ABOUT THIS EXERCISE:
An exact repetition of the records is required. Leave nothing out.

Saved data entries:
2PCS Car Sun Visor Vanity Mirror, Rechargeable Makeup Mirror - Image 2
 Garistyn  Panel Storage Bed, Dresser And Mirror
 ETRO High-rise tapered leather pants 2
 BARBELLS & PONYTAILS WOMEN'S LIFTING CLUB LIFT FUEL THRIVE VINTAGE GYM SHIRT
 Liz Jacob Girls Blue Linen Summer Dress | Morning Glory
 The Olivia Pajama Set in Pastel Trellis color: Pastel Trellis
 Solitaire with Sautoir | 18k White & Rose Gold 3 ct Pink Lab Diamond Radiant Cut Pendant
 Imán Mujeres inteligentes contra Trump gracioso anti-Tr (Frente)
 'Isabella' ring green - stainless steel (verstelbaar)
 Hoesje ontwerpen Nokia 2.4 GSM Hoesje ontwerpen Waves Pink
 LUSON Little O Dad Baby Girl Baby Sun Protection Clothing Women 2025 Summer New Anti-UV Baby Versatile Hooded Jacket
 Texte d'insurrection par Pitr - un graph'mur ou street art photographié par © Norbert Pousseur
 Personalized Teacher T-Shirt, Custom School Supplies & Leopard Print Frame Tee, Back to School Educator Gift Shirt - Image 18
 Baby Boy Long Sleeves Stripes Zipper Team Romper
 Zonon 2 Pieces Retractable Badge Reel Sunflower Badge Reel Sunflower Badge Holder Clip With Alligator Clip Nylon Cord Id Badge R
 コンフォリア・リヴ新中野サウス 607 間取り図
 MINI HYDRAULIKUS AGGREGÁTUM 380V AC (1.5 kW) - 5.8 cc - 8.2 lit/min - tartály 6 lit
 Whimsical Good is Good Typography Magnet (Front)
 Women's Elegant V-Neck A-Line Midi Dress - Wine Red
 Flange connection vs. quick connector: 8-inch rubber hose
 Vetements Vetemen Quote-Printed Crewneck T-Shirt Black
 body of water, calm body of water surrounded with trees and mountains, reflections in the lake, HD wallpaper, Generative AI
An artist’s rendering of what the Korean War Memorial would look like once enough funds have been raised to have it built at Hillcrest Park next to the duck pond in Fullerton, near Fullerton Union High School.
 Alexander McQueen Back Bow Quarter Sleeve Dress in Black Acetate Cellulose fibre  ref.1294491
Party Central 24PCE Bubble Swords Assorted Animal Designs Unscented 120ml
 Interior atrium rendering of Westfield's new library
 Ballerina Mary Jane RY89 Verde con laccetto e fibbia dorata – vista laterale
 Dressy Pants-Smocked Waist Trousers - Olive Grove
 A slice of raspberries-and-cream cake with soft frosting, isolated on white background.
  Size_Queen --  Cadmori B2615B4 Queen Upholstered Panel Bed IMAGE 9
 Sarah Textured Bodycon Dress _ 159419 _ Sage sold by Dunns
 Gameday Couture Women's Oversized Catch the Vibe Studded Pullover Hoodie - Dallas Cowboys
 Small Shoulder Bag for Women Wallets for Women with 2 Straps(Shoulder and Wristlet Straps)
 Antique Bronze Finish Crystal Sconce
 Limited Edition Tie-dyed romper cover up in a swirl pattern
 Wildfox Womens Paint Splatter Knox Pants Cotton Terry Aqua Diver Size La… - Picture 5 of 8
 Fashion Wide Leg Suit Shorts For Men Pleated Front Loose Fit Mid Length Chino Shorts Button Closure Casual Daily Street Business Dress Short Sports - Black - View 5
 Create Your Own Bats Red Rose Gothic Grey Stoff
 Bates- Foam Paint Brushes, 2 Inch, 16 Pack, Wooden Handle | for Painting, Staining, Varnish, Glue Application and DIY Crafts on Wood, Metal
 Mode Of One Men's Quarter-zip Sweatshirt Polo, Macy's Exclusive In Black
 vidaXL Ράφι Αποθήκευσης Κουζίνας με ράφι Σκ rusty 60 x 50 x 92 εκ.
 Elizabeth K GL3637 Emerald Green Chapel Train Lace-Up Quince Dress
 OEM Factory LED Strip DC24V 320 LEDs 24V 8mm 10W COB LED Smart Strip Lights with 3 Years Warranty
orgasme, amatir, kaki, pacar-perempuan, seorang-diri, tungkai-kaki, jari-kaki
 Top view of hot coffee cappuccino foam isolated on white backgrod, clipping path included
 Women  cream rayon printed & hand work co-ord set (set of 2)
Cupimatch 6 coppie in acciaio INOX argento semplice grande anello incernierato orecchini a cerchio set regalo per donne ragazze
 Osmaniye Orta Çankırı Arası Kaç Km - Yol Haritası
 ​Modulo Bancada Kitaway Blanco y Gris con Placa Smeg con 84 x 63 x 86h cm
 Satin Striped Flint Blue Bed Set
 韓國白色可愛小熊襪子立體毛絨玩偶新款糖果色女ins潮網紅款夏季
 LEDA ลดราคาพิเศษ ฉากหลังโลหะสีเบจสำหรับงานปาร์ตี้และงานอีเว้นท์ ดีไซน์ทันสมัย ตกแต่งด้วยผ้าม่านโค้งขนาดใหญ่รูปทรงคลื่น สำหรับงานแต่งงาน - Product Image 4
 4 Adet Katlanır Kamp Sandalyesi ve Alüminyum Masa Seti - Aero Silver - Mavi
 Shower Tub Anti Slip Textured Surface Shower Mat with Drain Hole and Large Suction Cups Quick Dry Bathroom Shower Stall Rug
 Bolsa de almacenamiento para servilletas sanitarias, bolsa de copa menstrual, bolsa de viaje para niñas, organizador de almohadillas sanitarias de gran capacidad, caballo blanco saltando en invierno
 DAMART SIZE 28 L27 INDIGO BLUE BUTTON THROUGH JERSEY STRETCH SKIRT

SOLUTION:
2PCS Car Sun Visor Vanity Mirror, Rechargeable Makeup Mirror - Image 2
 Garistyn  Panel Storage Bed, Dresser And Mirror
 ETRO High-rise tapered leather pants 2
 BARBELLS & PONYTAILS WOMEN'S LIFTING CLUB LIFT FUEL THRIVE VINTAGE GYM SHIRT
 Liz Jacob Girls Blue Linen Summer Dress | Morning Glory
 The Olivia Pajama Set in Pastel Trellis color: Pastel Trellis
 Solitaire with Sautoir | 18k White & Rose Gold 3 ct Pink Lab Diamond Radiant Cut Pendant
 Imán Mujeres inteligentes contra Trump gracioso anti-Tr (Frente)
 'Isabella' ring green - stainless steel (verstelbaar)
 Hoesje ontwerpen Nokia 2.4 GSM Hoesje ontwerpen Waves Pink
 LUSON Little O Dad Baby Girl Baby Sun Protection Clothing Women 2025 Summer New Anti-UV Baby Versatile Hooded Jacket
 Texte d'insurrection par Pitr - un graph'mur ou street art photographié par © Norbert Pousseur
 Personalized Teacher T-Shirt, Custom School Supplies & Leopard Print Frame Tee, Back to School Educator Gift Shirt - Image 18
 Baby Boy Long Sleeves Stripes Zipper Team Romper
 Zonon 2 Pieces Retractable Badge Reel Sunflower Badge Reel Sunflower Badge Holder Clip With Alligator Clip Nylon Cord Id Badge R
 コンフォリア・リヴ新中野サウス 607 間取り図
 MINI HYDRAULIKUS AGGREGÁTUM 380V AC (1.5 kW) - 5.8 cc - 8.2 lit/min - tartály 6 lit
 Whimsical Good is Good Typography Magnet (Front)
 Women's Elegant V-Neck A-Line Midi Dress - Wine Red
 Flange connection vs. quick connector: 8-inch rubber hose
 Vetements Vetemen Quote-Printed Crewneck T-Shirt Black
 body of water, calm body of water surrounded with trees and mountains, reflections in the lake, HD wallpaper, Generative AI
An artist’s rendering of what the Korean War Memorial would look like once enough funds have been raised to have it built at Hillcrest Park next to the duck pond in Fullerton, near Fullerton Union High School.
 Alexander McQueen Back Bow Quarter Sleeve Dress in Black Acetate Cellulose fibre  ref.1294491
Party Central 24PCE Bubble Swords Assorted Animal Designs Unscented 120ml
 Interior atrium rendering of Westfield's new library
 Ballerina Mary Jane RY89 Verde con laccetto e fibbia dorata – vista laterale
 Dressy Pants-Smocked Waist Trousers - Olive Grove
 A slice of raspberries-and-cream cake with soft frosting, isolated on white background.
  Size_Queen --  Cadmori B2615B4 Queen Upholstered Panel Bed IMAGE 9
 Sarah Textured Bodycon Dress _ 159419 _ Sage sold by Dunns
 Gameday Couture Women's Oversized Catch the Vibe Studded Pullover Hoodie - Dallas Cowboys
 Small Shoulder Bag for Women Wallets for Women with 2 Straps(Shoulder and Wristlet Straps)
 Antique Bronze Finish Crystal Sconce
 Limited Edition Tie-dyed romper cover up in a swirl pattern
 Wildfox Womens Paint Splatter Knox Pants Cotton Terry Aqua Diver Size La… - Picture 5 of 8
 Fashion Wide Leg Suit Shorts For Men Pleated Front Loose Fit Mid Length Chino Shorts Button Closure Casual Daily Street Business Dress Short Sports - Black - View 5
 Create Your Own Bats Red Rose Gothic Grey Stoff
 Bates- Foam Paint Brushes, 2 Inch, 16 Pack, Wooden Handle | for Painting, Staining, Varnish, Glue Application and DIY Crafts on Wood, Metal
 Mode Of One Men's Quarter-zip Sweatshirt Polo, Macy's Exclusive In Black
 vidaXL Ράφι Αποθήκευσης Κουζίνας με ράφι Σκ rusty 60 x 50 x 92 εκ.
 Elizabeth K GL3637 Emerald Green Chapel Train Lace-Up Quince Dress
 OEM Factory LED Strip DC24V 320 LEDs 24V 8mm 10W COB LED Smart Strip Lights with 3 Years Warranty
orgasme, amatir, kaki, pacar-perempuan, seorang-diri, tungkai-kaki, jari-kaki
 Top view of hot coffee cappuccino foam isolated on white backgrod, clipping path included
 Women  cream rayon printed & hand work co-ord set (set of 2)
Cupimatch 6 coppie in acciaio INOX argento semplice grande anello incernierato orecchini a cerchio set regalo per donne ragazze
 Osmaniye Orta Çankırı Arası Kaç Km - Yol Haritası
 ​Modulo Bancada Kitaway Blanco y Gris con Placa Smeg con 84 x 63 x 86h cm
 Satin Striped Flint Blue Bed Set
 韓國白色可愛小熊襪子立體毛絨玩偶新款糖果色女ins潮網紅款夏季
 LEDA ลดราคาพิเศษ ฉากหลังโลหะสีเบจสำหรับงานปาร์ตี้และงานอีเว้นท์ ดีไซน์ทันสมัย ตกแต่งด้วยผ้าม่านโค้งขนาดใหญ่รูปทรงคลื่น สำหรับงานแต่งงาน - Product Image 4
 4 Adet Katlanır Kamp Sandalyesi ve Alüminyum Masa Seti - Aero Silver - Mavi
 Shower Tub Anti Slip Textured Surface Shower Mat with Drain Hole and Large Suction Cups Quick Dry Bathroom Shower Stall Rug
 Bolsa de almacenamiento para servilletas sanitarias, bolsa de copa menstrual, bolsa de viaje para niñas, organizador de almohadillas sanitarias de gran capacidad, caballo blanco saltando en invierno
 DAMART SIZE 28 L27 INDIGO BLUE BUTTON THROUGH JERSEY STRETCH SKIRT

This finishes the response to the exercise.